In one of the studies, the effect of aspirin consumption was studied on the association between PLA2 polymorphism and thrombosis. The exclusion of these patients from the cohort had no effect on final output [15].
The prognostic value of PLA2 polymorphism and its correlation with DVT, PE, or VTE has not been thoroughly evaluated. Nevertheless, the predictive value of this genetic marker has been mostly evaluated in cases with stroke or coronary thrombosis [12, 13, 22].

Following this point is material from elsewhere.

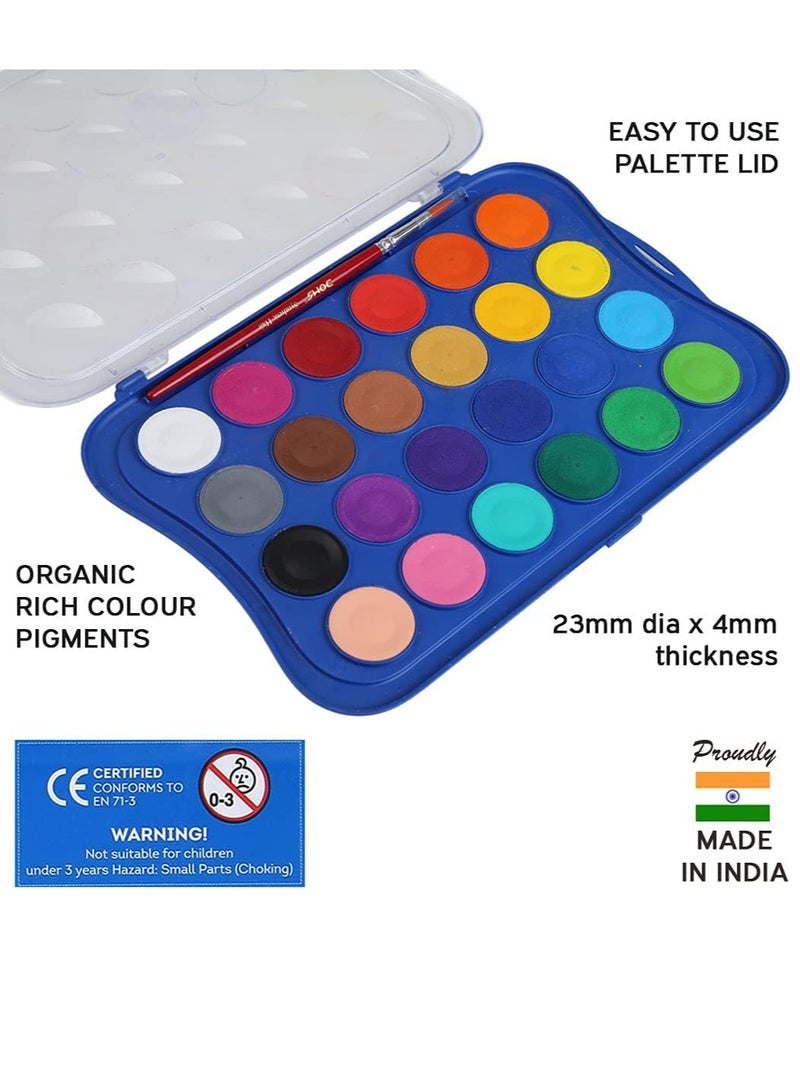 DOMS مجموعة كعكة الألوان المائية مع 24 لونًا وفرشاة طلاء واحدة - Image 2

In 1996, Weiss et al. reported a relationship between the PLA2 allele and elevated risk of premature coronary thrombosis [12]. Some years later, in 1999, Feng et al. suggested that PLA2 allotype in GP IIb/IIIa could be a risk factor in patients with VTE. The PLA1/PLA2 polymorphism is characterized by increased affinity of the GP IIb/IIIa platelet receptor for fibrinogen and enhances platelet aggregation as a baseline for thrombosis [22]. Despite this, in 2008, Ivanov et al. declared no association between PLA2 polymorphism and risk of VTE, but it could be a potential risk factor for developing PE [20]. Their data showed comparable OR to other known thrombophilic mutations, FVL and FII G20210A. They reported that dual carriers of FVL/PLA2 along with early manifestation and unusual position of thrombosis had recurrent PE.
In another study in 2012, Pourgheysari et al. reported that PLA2 polymorphism is highly associated with VTE [14].This was the only inherited thrombophilic risk factor that was correlated with VTE among investigated polymorphisms, FVL, FIIG20210A and HTHFR. The PLA2 polymorphism also played a role in recurrent events in spite of the other polymorphisms. This finding demonstrated the importance of population-based studies.
According to the results of this systematic review, PLA2 polymorphism increased the thrombotic tendency, but no consistency was found between different studies. While Ivanove et al. demonstrated the association of the polymorphism with PE, Karimi et al. found no relationship. Instead, they found the association with DVT [20, 19].
A main limitation of the present review was the lack of enough comparable reports and paucity of research in this study. Due to the low number of publications, the study is not adequately powered to identify the importance of this polymorphism. Because of the limited accessibility of data, it was not possible to perform univariate or multivariate analyses of individual markers in all studies.